APM Terminals Pipavav enjoys favourable oceanographic conditions,well-developed infrastructural facilities, and good rail and road connectivity to the hinterland. The grade reflects APM Terminals Pipavav’s strategic location in terms of proximity to the landlocked north and north-western regions, which account for 65% of the container cargo traffic in India. The grading takes into account strong industry prospects. The container cargo market size of north and north-western India is currently ~ 6 mn TEUs (twenty-foot equivalent unit – a 20-foot long container) and is expected to grow at a CAGR of 11-12% over the next three to four years. Given that Jawaharlal Nehru Port Trust (JNPT) is congested and there are no other ports on the western side except Mundra to handle incremental traffic, APM Terminals Pipavav is positioned well to attract this incremental traffic. The port is located at an approximate distance of 150 nautical miles from the ports located in and around Mumbai. Hence,
ships calling to JNPT could sail to APM Terminals Pipavav if JNPT is congested. The bulk handling capacity in Gujarat and Maharashtra is expected to grow at a CAGR of
22% over the next five years from 61 mn tonnes in FY09 to 167 mn tonnes in FY14. Further, the commissioning of new power plants near the port augurs favourably for
the bulk cargo traffic growth at the port.
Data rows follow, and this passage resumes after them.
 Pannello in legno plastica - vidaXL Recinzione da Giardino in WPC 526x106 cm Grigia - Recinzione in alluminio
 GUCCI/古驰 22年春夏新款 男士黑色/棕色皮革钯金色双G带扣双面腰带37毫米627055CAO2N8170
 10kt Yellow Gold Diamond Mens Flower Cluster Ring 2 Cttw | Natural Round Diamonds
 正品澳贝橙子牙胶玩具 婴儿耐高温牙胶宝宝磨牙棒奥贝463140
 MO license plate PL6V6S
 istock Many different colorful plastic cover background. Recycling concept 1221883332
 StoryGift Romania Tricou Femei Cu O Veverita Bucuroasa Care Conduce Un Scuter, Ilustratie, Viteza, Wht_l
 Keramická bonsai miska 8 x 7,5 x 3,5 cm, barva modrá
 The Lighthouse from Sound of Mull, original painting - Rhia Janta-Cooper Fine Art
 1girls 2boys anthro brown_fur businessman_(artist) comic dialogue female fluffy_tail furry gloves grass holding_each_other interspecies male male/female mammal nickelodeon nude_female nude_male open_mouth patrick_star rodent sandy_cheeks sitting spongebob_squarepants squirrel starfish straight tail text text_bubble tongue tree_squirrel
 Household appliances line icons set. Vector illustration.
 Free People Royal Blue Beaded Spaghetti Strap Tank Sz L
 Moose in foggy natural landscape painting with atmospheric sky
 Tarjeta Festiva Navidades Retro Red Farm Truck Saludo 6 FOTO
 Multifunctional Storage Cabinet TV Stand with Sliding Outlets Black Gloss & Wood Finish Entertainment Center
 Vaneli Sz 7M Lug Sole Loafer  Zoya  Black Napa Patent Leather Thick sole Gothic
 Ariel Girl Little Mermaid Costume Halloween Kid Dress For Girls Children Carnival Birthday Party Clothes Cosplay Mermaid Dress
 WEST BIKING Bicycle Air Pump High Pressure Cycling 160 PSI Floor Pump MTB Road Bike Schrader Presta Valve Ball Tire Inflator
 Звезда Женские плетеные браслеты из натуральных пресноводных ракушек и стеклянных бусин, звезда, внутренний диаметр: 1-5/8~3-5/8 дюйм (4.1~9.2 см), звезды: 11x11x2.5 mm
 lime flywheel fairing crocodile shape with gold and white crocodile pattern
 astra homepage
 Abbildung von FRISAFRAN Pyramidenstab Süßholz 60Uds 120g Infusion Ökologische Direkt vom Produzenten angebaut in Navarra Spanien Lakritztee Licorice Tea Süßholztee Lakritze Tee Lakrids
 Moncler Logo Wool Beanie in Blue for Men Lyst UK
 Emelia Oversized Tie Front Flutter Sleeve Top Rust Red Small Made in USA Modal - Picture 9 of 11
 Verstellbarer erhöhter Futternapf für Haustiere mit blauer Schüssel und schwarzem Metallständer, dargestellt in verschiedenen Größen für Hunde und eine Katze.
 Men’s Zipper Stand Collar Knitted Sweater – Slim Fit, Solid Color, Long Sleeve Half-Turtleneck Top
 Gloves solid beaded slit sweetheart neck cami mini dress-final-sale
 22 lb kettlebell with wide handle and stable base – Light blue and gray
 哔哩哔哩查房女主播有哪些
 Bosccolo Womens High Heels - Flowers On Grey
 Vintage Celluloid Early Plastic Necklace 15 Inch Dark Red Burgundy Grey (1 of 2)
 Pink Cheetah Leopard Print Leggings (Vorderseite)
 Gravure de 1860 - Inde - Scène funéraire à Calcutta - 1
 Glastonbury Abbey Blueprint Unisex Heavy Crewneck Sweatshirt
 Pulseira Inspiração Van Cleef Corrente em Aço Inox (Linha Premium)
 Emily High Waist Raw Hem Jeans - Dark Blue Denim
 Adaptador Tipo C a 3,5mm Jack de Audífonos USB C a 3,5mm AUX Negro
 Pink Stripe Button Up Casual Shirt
8)The Quality of Management is extremely high profile...with international experience. So management quality is good.

9) Under the Concession Agreement, GPPL has the right to develop approximately 1,561 acres of land. The
company has developed 485 acres of land and has a balance of 1,076 acres of land which it can utilise for
expanding port operations. Hence, with ample land availability, the company can significantly increase its
capacity through marginal investments in capital equipments. Under the agreement, the company has the
right to sub-lease the land, which provides it an opportunity to earn incremental revenues and subsequently
attract companies using the leased land to use the port services for all their trading activities.

10)Increase in demand for coal will help boost bulk cargo volumes
Total traffic of coal at Indian ports is expected to grow at a CAGR of 7.2% from 91.9 mn tonnes in 2008-09
to 130 mn tonnes by 2013-14. Coal, with a share of 44% of the bulk cargo as of September 2009, is the
major bulk cargo commodity handled at the APM Terminals Pipavav. According to the Government of
Gujarat, six power plants are being commissioned close to APM Terminals Pipavav and 11,164 MW of
power generation capacity will be added in the state by 2012. This will translate into a coal requirement of
around 45 mtpa (million metric tonnes per annum); 4 mtpa for a 1,000 MW power plant. The increase in
demand for coal will help boost the coal traffic at APM Terminals Pipavav.


SO the story has just begun guys,.....investors....with long term can invest.....blindly...........short term investors for listing or I month ....can take risks....coz it can be highly volatile because.....of...low IPO SIze...

Rest is UPTO YOu i have given you ample logic...!!

______________________________________________________

Disclaimer : I Dont Intend to argue....with people......on this post..regarding my view on Gujarat Pipavav...as people argued with me for my SKS Microfinance IPO Advice....and shall not rspond....

105. Saharanpuri |   Link |  Bookmark | August 20, 2010 12:02:58 AM
The GMP of PIPAVAV IPO is touching 12-13 rs in delhi with very few sellers.